- Your goal
Return every line of the data below exactly, but do not include the images.

- Dataset section
------------------------------------------------
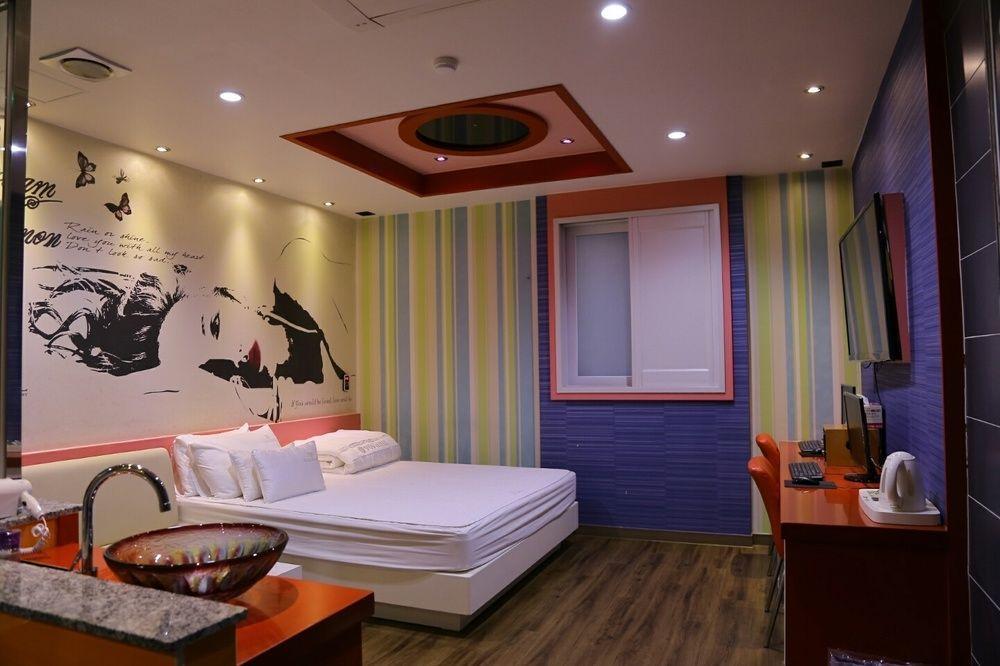 Vovtel Motel Puszan Kültér fotó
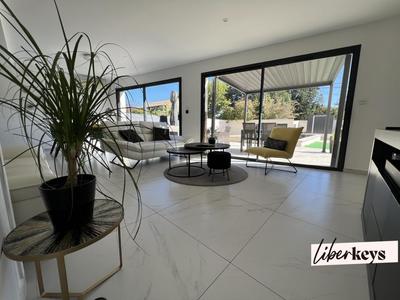 Maison - 145 m² - 5 pièces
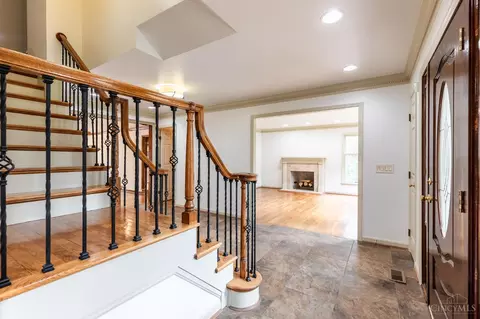 Entry Way - 8931 Terwilligers Trl, Montgomery, OH 45249 photo 3 of 5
------------------------------------------------
- Task result
 Vovtel Motel Puszan Kültér fotó
 Maison - 145 m² - 5 pièces
 Entry Way - 8931 Terwilligers Trl, Montgomery, OH 45249 photo 3 of 5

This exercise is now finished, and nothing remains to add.